Only one stretch of the data is wanted: the line containing "The Architecture of", the line containing "El sol, los", and every line between them, copied exactly.

------------------------------

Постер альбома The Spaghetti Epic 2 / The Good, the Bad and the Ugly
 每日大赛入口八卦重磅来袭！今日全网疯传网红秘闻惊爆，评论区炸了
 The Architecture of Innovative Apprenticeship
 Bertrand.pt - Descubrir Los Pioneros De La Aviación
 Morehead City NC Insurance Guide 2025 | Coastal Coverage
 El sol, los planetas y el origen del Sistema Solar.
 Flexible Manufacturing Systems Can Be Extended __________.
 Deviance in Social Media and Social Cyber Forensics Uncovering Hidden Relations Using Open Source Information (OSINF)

------------------------------

■ Exercise result:
 The Architecture of Innovative Apprenticeship
 Bertrand.pt - Descubrir Los Pioneros De La Aviación
 Morehead City NC Insurance Guide 2025 | Coastal Coverage
 El sol, los planetas y el origen del Sistema Solar.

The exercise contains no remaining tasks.